Our Work - DRAFT

Our Work - DRAFT

Education is the most effective tool for solving the world’s greatest challenges

If all women completed secondary education, child deaths would be cut in half, saving three million lives.

Worldwide access to primary and girls’ education could result in a 70 gigaton reduction of carbon dioxide by 2050.13 Deaths caused by natural disasters and extreme temperature events could be 60% lower by 2050 if 70% of women were able to achieve a lower-secondary-school education.

In sub-Saharan Africa, the risk of conflict in countries with higher education equality is less than half that of areas with lower equality in education.

Over 40 years, income per capita is 23% higher in a country with more equal education.

If historically low-income countries were to reach their goal of universal secondary education by 2030, then by 2050, per capita earnings would increase by 75%, thereby lifting 60 million people out of poverty.

Room to Read addresses both access to education and quality of education, meeting children’s learning needs both in and out of the classroom 

How We Do It

Our Literacy Portfolio supports children in developing literacy skills with a love of reading, and our Gender Equality Portfolio supports adolescents, particularly girls, in developing life skills that promote gender equality.

We deliver and scale our programming directly and with partners, operating within our core competencies: curriculum and content; educator training and coaching; delivery structures; and research and insights. 

To accelerate learning outcomes for more children, more quickly, we collaborate with government education systems and non-formal learning systems, as well as multimedia and evidence management systems to scale our programming.


Developing life skills that promote gender equality

Room to Read’s Gender Equality Portfolio supports all adolescents, particularly girls, to develop life skills that promote gender equality.

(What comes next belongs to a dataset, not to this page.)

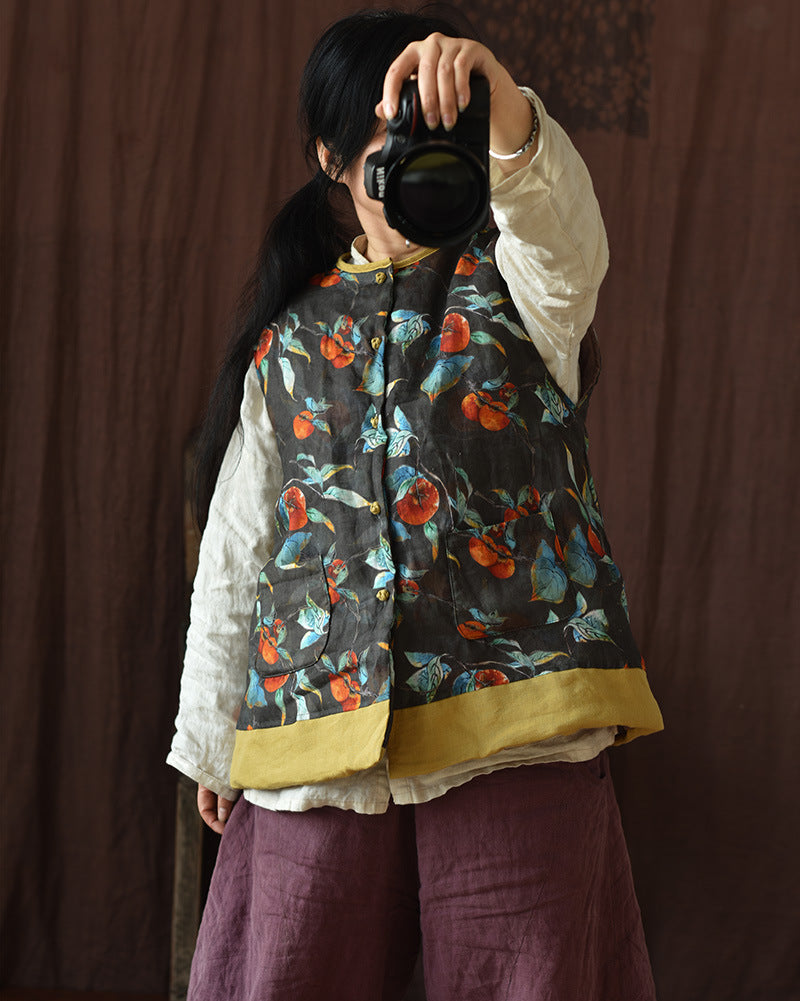 Vintage Blossom Patchwork Keten Yelek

Within our Girls' Education Program, we help girls develop their power as positive change agents through four main components:

Life Skills Education, Individual Mentorship, Community Engagement, Material Support

Room to Read recognizes the role that boys and men play in promoting a more gender equitable world. Promoting gender equal relations and attitudes among boys can profoundly improve their life outcomes as well as the lives of their future partners and children. We are deepening our commitment to gender equality by offering life skills programming for boys that provides a safe space for them to question harmful gender norms and practice gender equal behaviors.

Room to Read is poised to implement our gender equality programming at scale as we integrate our approach and life skills curriculum in public schools and long-term community programming and work alongside ministries of education in several countries to adapt and integrate key parts of our life skills curriculum at the systems level.

We’ve gone further to develop the delivery of our life skills curriculum through a variety of multimedia channels to reach every adolescent girl in the world with the tools she needs to create change. Our multimedia storytelling initiative, She Creates Change, seeks to support all adolescent girls in the world with the content that equips and inspires them to create positive change in their lives – delivering curriculum packages that align with stories presented through books, audio stories and film. 

Severe Learning Crisis

The world is experiencing its most severe global learning crisis. The current generation of children are experiencing the largest loss of learning in recorded history, and learning poverty has increased by a third in low-and middle-income countries.

  • Only 1 in 6 countries are on track to meet Sustainable Development Goal 4 and achieve universal access to quality education by 2030.
  • Progress towards Sustainable Development Goal 5 has been slow, with only 15% of indicators on track to achieve gender equality by 2030.
  • Even if governments meet their national education targets, there will still be an estimated 84 million children and young people out of school by 2030.